* **Try it**
Below are records with pictures; copy word for word only the lines between the line with "We're going to go" and the line with "There's magic in", inclusive, and drop the pictures.
•••
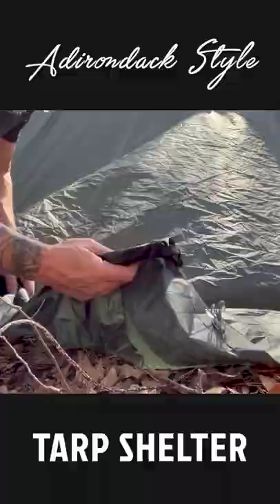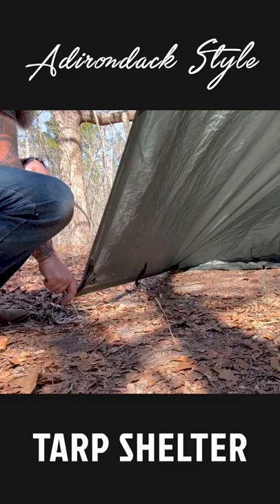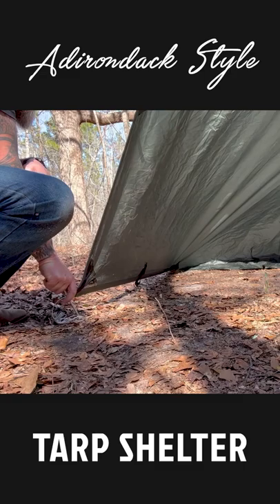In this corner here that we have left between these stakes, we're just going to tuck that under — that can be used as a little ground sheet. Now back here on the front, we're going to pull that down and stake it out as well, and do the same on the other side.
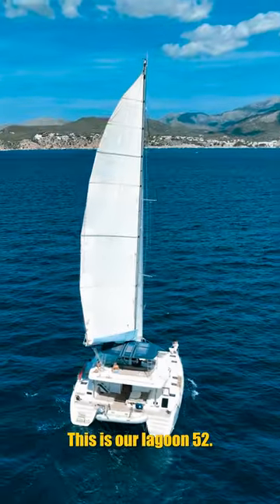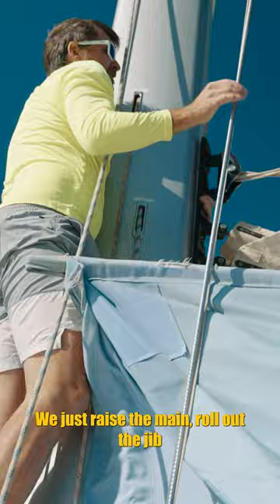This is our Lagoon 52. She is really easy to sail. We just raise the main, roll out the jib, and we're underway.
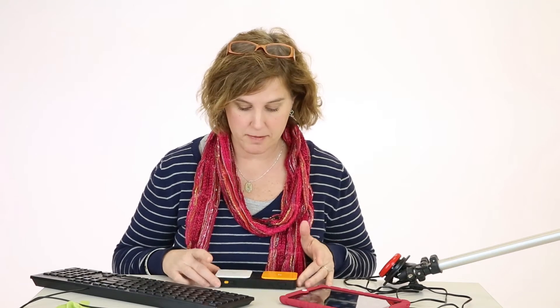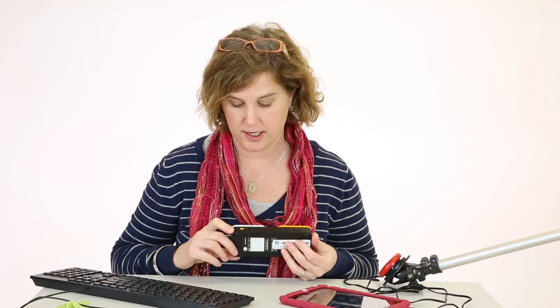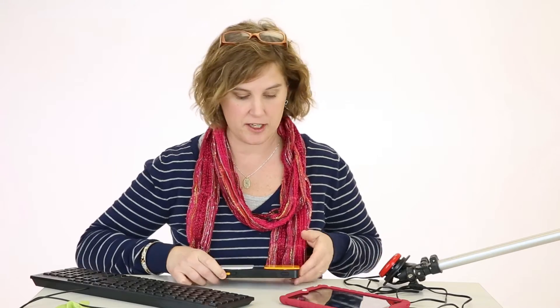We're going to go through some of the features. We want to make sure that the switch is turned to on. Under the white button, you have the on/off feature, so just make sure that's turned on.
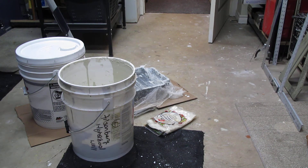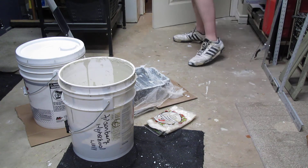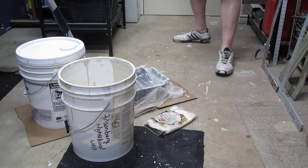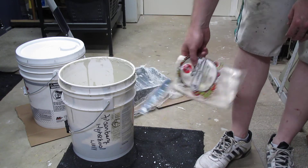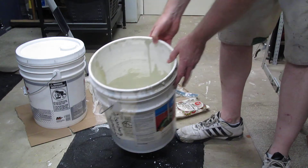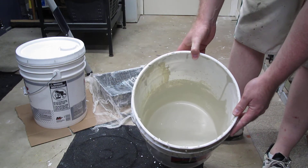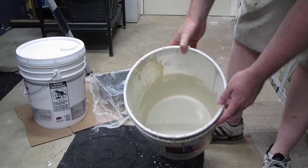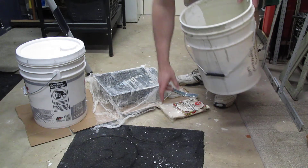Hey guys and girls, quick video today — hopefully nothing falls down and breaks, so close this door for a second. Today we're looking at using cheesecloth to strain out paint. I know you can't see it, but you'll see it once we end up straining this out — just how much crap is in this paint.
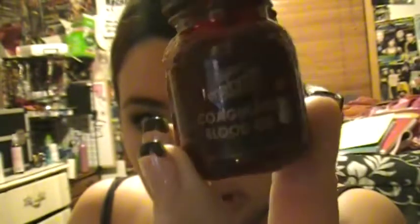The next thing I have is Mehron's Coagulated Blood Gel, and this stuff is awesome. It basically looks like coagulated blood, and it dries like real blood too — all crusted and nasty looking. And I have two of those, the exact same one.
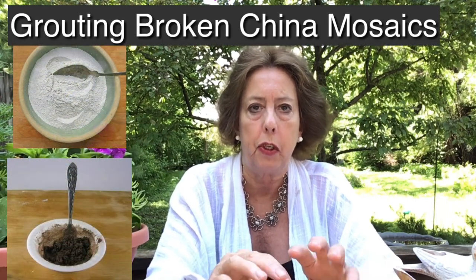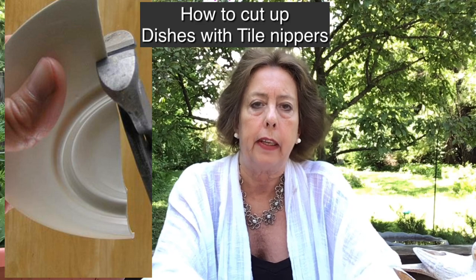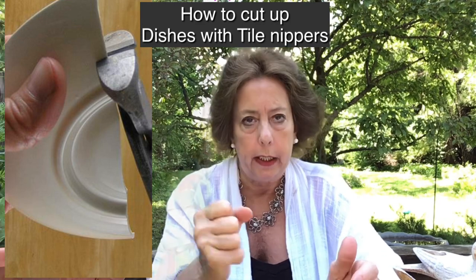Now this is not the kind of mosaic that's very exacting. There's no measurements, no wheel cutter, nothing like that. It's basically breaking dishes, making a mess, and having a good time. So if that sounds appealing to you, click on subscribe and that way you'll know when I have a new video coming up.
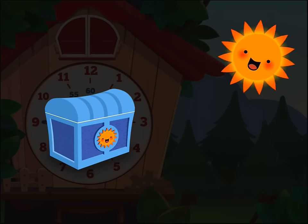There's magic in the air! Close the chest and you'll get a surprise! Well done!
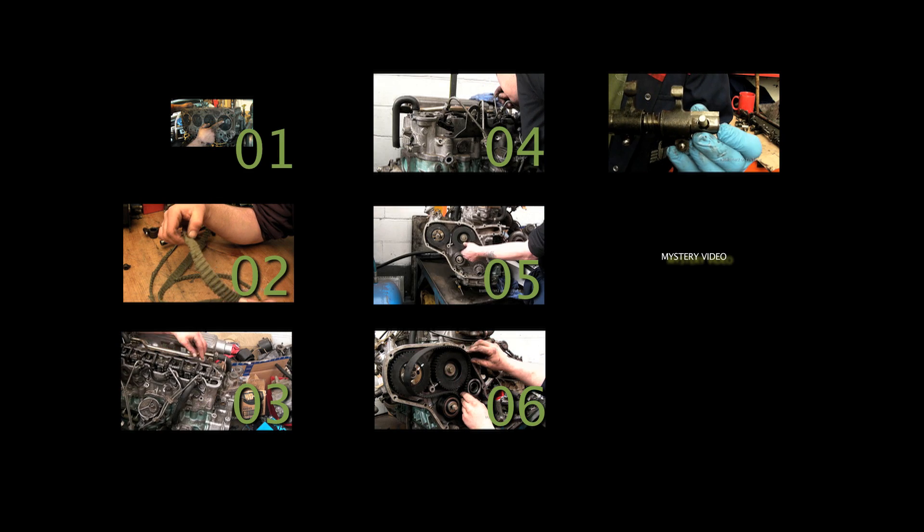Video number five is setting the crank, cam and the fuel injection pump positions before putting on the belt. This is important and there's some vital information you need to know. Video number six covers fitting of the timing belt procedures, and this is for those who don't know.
•••
* **Output for this task**
We're going to go through some of the features. We want to make sure that the switch is turned to on. Under the white button, you have the on/off feature, so just make sure that's turned on.
Hey guys and girls, quick video today — hopefully nothing falls down and breaks, so close this door for a second. Today we're looking at using cheesecloth to strain out paint. I know you can't see it, but you'll see it once we end up straining this out — just how much crap is in this paint.
The next thing I have is Mehron's Coagulated Blood Gel, and this stuff is awesome. It basically looks like coagulated blood, and it dries like real blood too — all crusted and nasty looking. And I have two of those, the exact same one.
Now this is not the kind of mosaic that's very exacting. There's no measurements, no wheel cutter, nothing like that. It's basically breaking dishes, making a mess, and having a good time. So if that sounds appealing to you, click on subscribe and that way you'll know when I have a new video coming up.
There's magic in the air! Close the chest and you'll get a surprise! Well done!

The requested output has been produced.